Renee McAdow
Staff Writer

Seven months ago I was still a resident of sunny Southern California, and attending a presidential inauguration was simply out of the question, unless you had the means to travel, you would never get to be there in person. Now that I am here, living in the outskirts of Cleveland, the idea that I had the chance to attend such a historic event became much more realistic.

After I found out that I would be driving to Maryland and attending the event on Jan. 20, I recieved a great deal of taunting from coworkers and classmates alike for my excitement in regards to witnessing the event.

Protesters from all over the states gathered outside of the entrance gates surrounding the National Mall, some were peaceful and others were more aggressive. My gate, the red gate, was located right beside the parade route on Pennsylvania Ave. It also happened to be five blocks away from the violent protesters who lit a limousine on fire and smashed the windows of several store fronts.
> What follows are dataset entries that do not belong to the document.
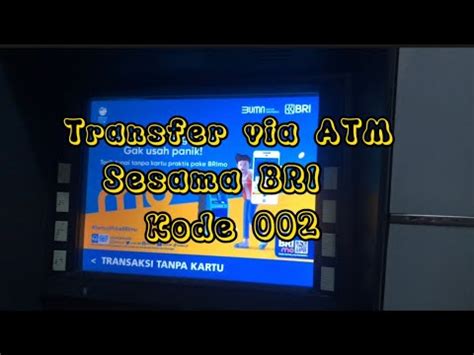 Cara Transfer Uang Di Atm Sesama Bri Youtube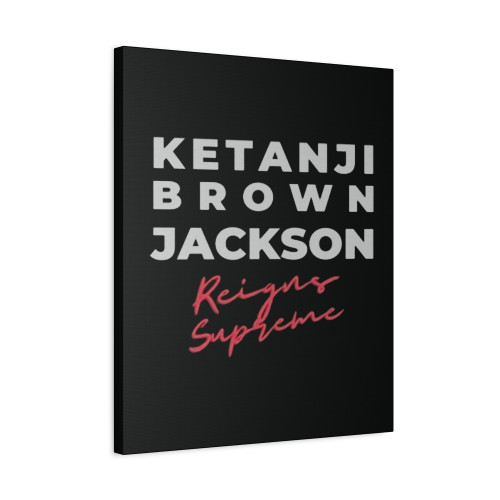 Judge Ketanji Brown Jackson Reigns Supreme Kbj Canvas Print Poster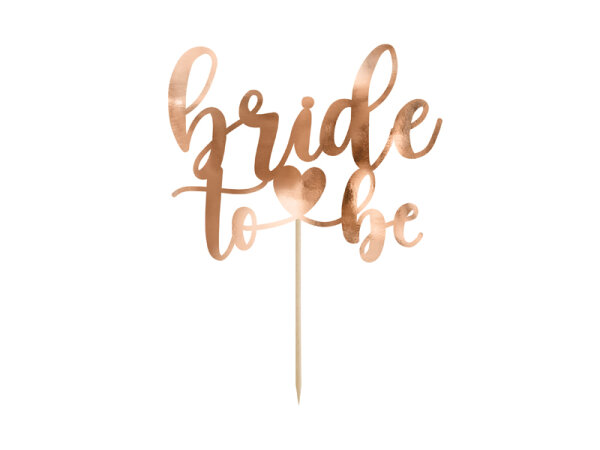 Cake Topper Bride to be 17,5 cm  -  Rosegold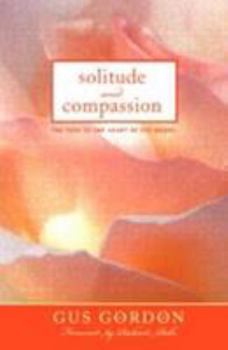 Paperback Solitude and Compassion: The Path to the Heart of the Gospel Book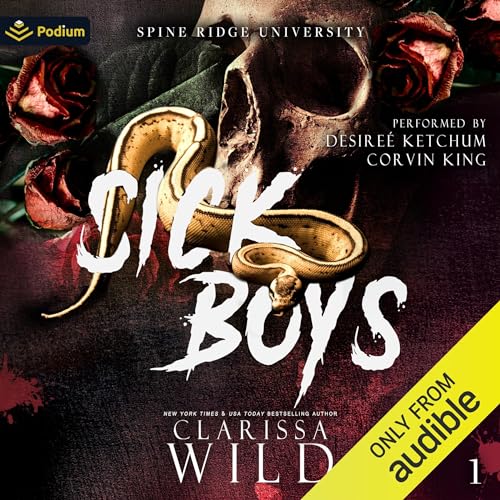 Sick Boys Audiobook By Clarissa Wild cover art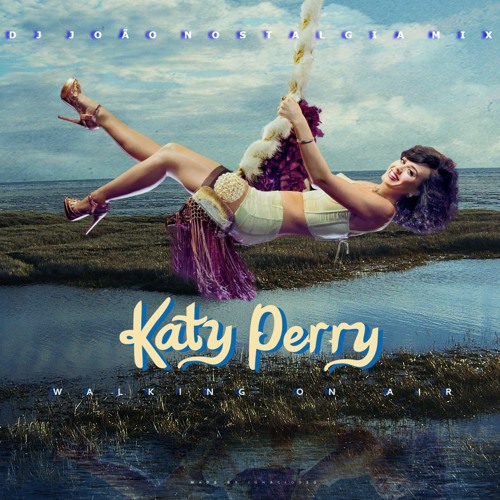 Listen To Music Albums Featuring Katy Perry Walking On Air 2K22 Dj Jo o Nostalgia Mix BUY 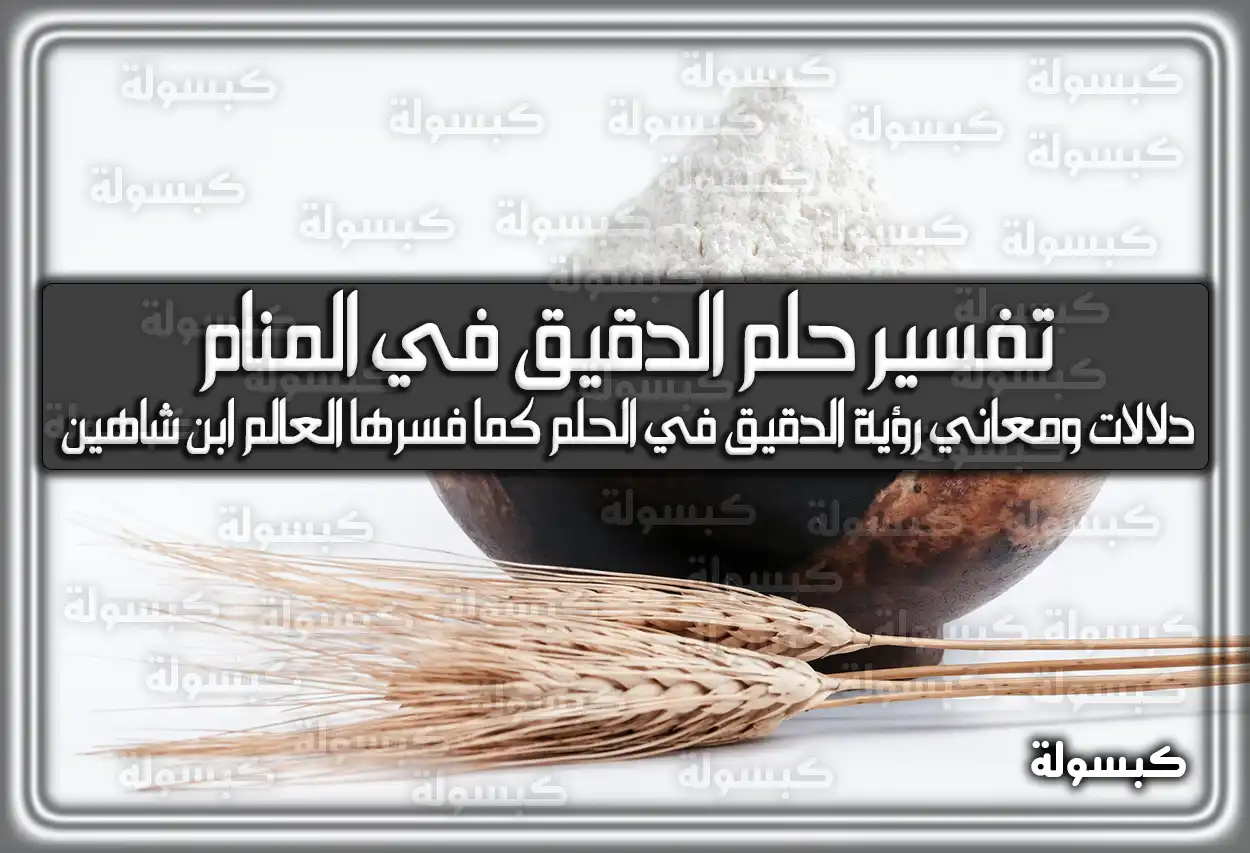 تفسير حلم رؤية الدقيق في المنام لابن سيرين والامام الصادق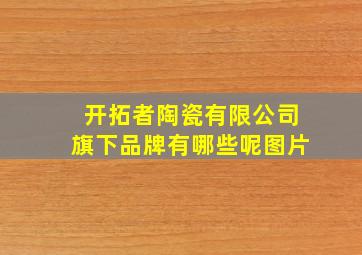 开拓者陶瓷有限公司旗下品牌有哪些呢图片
Entering through the gate made for a slightly unnerving few minutes. Due to the mass of protesters attempting to block attendees from entering the red gate, police were needed to create a path just so that we could even reach the entrance.  The amount of hatred coming off the crowd of protesters was overwhelming at times, but that atmosphere shifted the moment we entered the red section of the reflecting pool lawn. The shouts of the protesters were muffled by the buildings that make up the National Mall, and I felt as though I had finally stepped into a historical moment. Everywhere I turned there was the color red and it was probably the largest crowd I have ever seen in my life.

People from every corner of the country showed up for President Trump’s inauguration, and most of them were extremely friendly. The most memorable person that we had the pleasure of speaking to was an elderly war veteran who had flown out the day before on a whim just to see Trump become president. He had donned his old military uniform for the occasion and we were informed that he’d fought in the Korean and Vietnam wars.

The power of the crowd was electrifying. Cheers started from as far back as the Smithsonian Museums and  rose in volume until those seated near the Capitol had joined in. Chants of “we want Trump” and simply “Trump” echoed across the lawn. The crowd seemed to react to wherever the camera panned, going so far as to ‘boo’ the Clintons as they made their entrance or as the camera focused on them,A no matter how briefly.

At exactly 12 p.m., Donald J. Trump was sworn in as the president, and never have I been more in awe. I never would have believed anyone back in California if they had told me that one day I’d be packing on a whim and driving eight hours to witness history in the making. The roar of the crowd as they too witnessed the world of politics change forever is something I will never be able to forget.

President Donald Trump in his inaugural speech said that, “when you open your heart to patriotism, there is no room for prejudice.”